The saga of former USDA employee Shirley Sherrod has quickly turned into a whole new kind of public-relations nightmare for the Department of Agriculture's Tom Vilsack. When a video of Sherrod seemingly making racist remarks at an NAACP dinner hit the Internet on Monday, Vilsack panicked, and, without an investigation, without meeting with Sherrod, without seeing the whole unedited tape, had one of his deputies call Sherrod three times "harass" her, Sherrod says until she handed in her resignation. Why the rush? "You're going to be on Glenn Beck tonight," Sherrod says the deputy told her.
But the narrative spun by Andrew Brietbart soon began to unravel, and by the time the full speech was released last night, it was clear that Brietbart and Vilsack had gotten it all wrong. In her speech, Sherrod talked of how her father was killed in 1965 by a white man who was never brought to justice. She swore to stay in the South and devote her life to improving the lives of "black people only." That's why, as she recounted in the original clip, she passed white farmer Roger Spooner off to a white lawyer over two decades ago. But she soon saw that the white lawyer didn't care about the white farmer, either, and she realized that it wasn't just black people that needed her help, it was poor people of any race. "There is no difference between us," she said.

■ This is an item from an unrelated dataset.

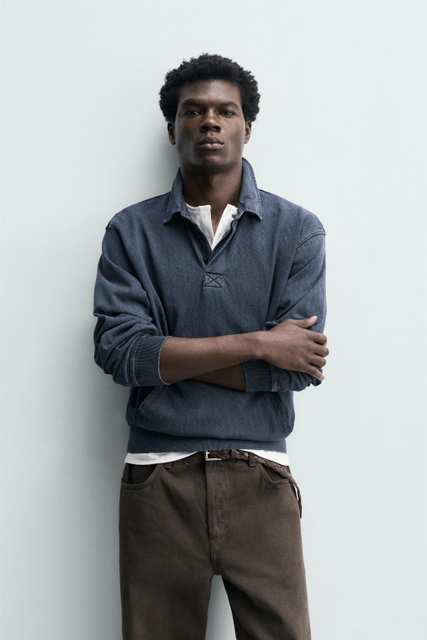 REGULAR FIT WASHED EFFECT POLO SHIRT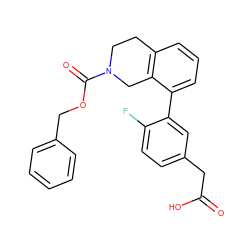 O=C(O)Cc1ccc(F)c(-c2cccc3c2CN(C(=O)OCc2ccccc2)CC3)c1 ZINC000144152127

Vilsack after initially maintaining that even if Sherrod wasn't actually a stone-cold racist the perception of her being a racist was damaging enough soon became more open to reinstating her after a call from the White House. "I am of course willing and will conduct a thorough review and consider additional facts to ensure to the American people we are providing services in a fair and equitable manner," he said in an early-morning statement. Yeah, uh ... you think?
We've all seen the video, and it's clear to everyone even the Fox News host who apparently calls the shots at the USDA these days that Sherrod was the victim of an unjust decision. Now Vilsack has to decide whether to reverse it. Sound familiar? Major League Baseball commissioner Bud Selig found himself in the same spot seven weeks ago after a blown call by umpire Jim Joyce torpedoed a rare perfect game for pitcher Armando Galarraga. What was infuriating about the Galarraga incident was that human error was allowed to trump indisputable video evidence. How can everyone know the runner was out, yet the ruling at first base was "safe"? It didn't make sense, and it wasn't fair. Selig never did overturn the call, though; too many are blown each season, and calling a do-over for one could have set the league down a path it didn't want to travel.
But there is no slippery slope in the Sherrod case. What, you're going to rehire all the people who you thought were racists but were actually preachers of racial equality? Good! The only downside to giving this woman her job back is that Vilsack would be admitting his human error how panicky and cowardly he had been to begin with. Better that, though, than panicky, cowardly, and obstinate.